Why would this be a better choice as compared to less costly, more flexible alternatives?

Quote:
Originally Posted by smasher50 View Post

fwiw, there's a used outlaw rr 2150 tor sale on audiogon for $400 has bass management for your sub

bass management - if you have a 2.1 the amps work less if they are high passed IMHO

very few integrateds have pre-out and main in which could take advantage of the rca-in/rca-out with hpf of the rythmik amp.
post #57 of 63
Thread Starter 
Quote:
Originally Posted by rick240 View Post

bass management - if you have a 2.1 the amps work less if they are high passed IMHO
very few integrateds have pre-out and main in which could take advantage of the rca-in/rca-out with hpf of the rythmik amp.


I am sorry but I really didn't understand what you mean?
post #58 of 63
Quote:
Originally Posted by blackscorpio View Post

I am sorry but I really didn't understand what you mean?

In a 2.1 system you really don't want the speakers running full range - integration with a sub can be quite difficult (although many people run Song Tower 2.1s full range, ask over at Audio Circle for people's specific experience redface.gif).

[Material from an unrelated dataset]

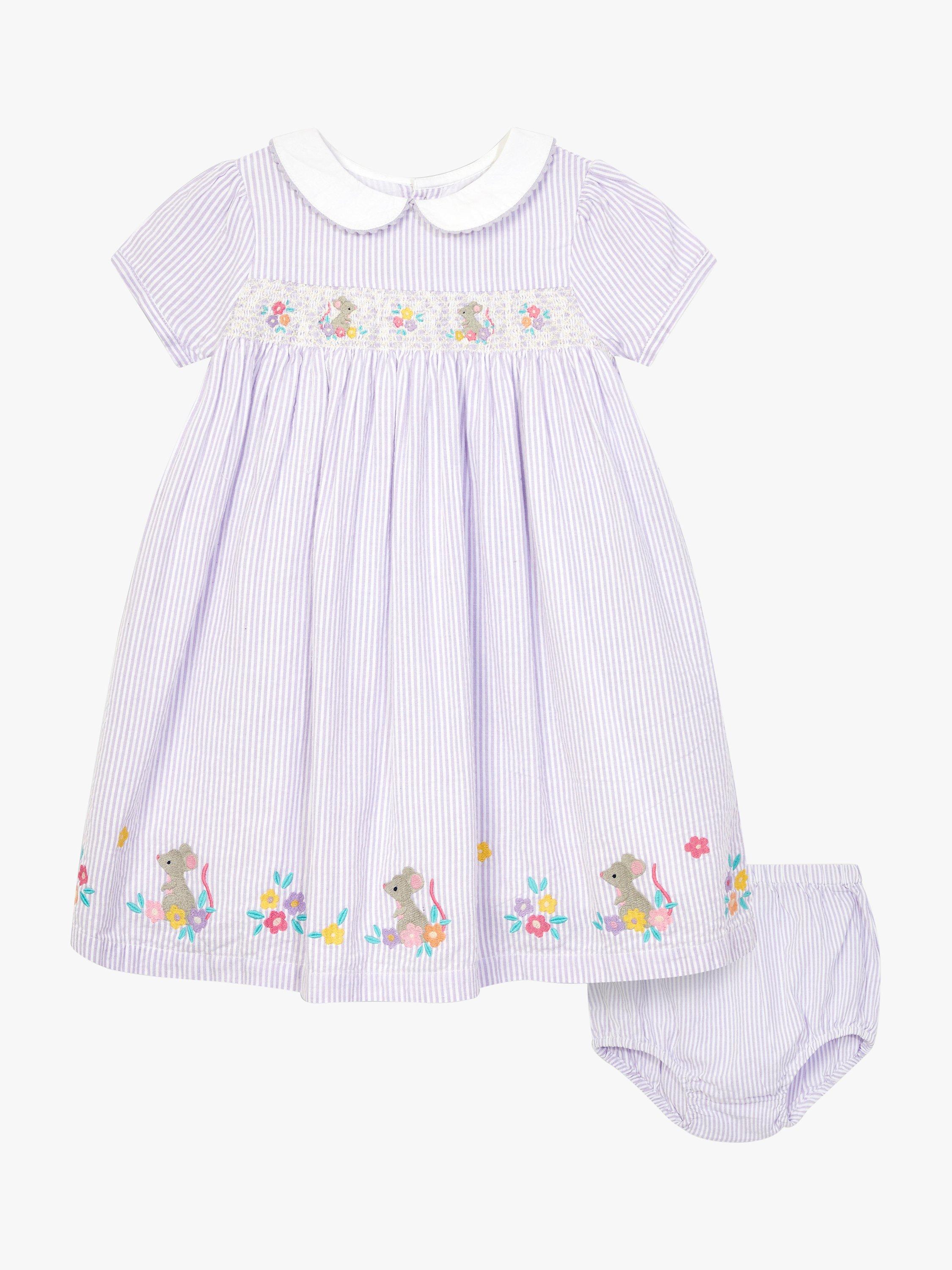 JoJo Maman Bébé Baby Mouse Smock Dress, Lilac, 6-7 years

If you have a integrated/receiver with bass management you can high pass the speakers at 80Hz (just like in your 5.1 HT system with speakers set to small) so that all of the low frequency signal goes to the sub only. This means the amp in the receiver is not working on the more difficult low frequency signals and sending them unamplified to the subwoofer.

There are only a few 2 channel systems with bass management - Parasound 2100 (what I have), Outlaw 2150 and HK990. Some people use an AVR to get bass management. Some integrateds are really like separate preamp and amp in a single chassis, so they have RCA outs from the pre-amp and RCA ins for the amp section. Most of the Rythmik amps have RCA-ins and RCA-outs; the RCA-ins come in with full signal, and the RCA-outs have had the low frequency signals removed (a high pass filter).
post #59 of 63
Thread Starter 
Quote:
Originally Posted by rick240 View Post

In a 2.1 system you really don't want the speakers running full range - integration with a sub can be quite difficult (although many people run Song Tower 2.1s full range, ask over at Audio Circle for people's specific experience redface.gif).
If you have a integrated/receiver with bass management you can high pass the speakers at 80Hz (just like in your 5.1 HT system with speakers set to small) so that all of the low frequency signal goes to the sub only. This means the amp in the receiver is not working on the more difficult low frequency signals and sending them unamplified to the subwoofer.
There are only a few 2 channel systems with bass management - Parasound 2100 (what I have), Outlaw 2150 and HK990. Some people use an AVR to get bass management. Some integrateds are really like separate preamp and amp in a single chassis, so they have RCA outs from the pre-amp and RCA ins for the amp section. Most of the Rythmik amps have RCA-ins and RCA-outs; the RCA-ins come in with full signal, and the RCA-outs have had the low frequency signals removed (a high pass filter).

I understood some and still more to understand.

please help me here, I recently bought an AVA amp used, as most recommended separates for the Salks, based on comments in this thread and over at "Salk owners thread". I will do some more reading but can you suggest me what is the best way to integrate a sub and your recommendations? Appreciate your help.
post #60 of 63
Quote:
Originally Posted by blackscorpio View Post

I understood some and still more to understand.
please help me here, I recently bought an AVA amp used, as most recommended separates for the Salks, based on comments in this thread and over at "Salk owners thread". I will do some more reading but can you suggest me what is the best way to integrate a sub and your recommendations? Appreciate your help.

So did you buy separates (pre-amp and amp)? Also, which Rythmik amp is on your sub?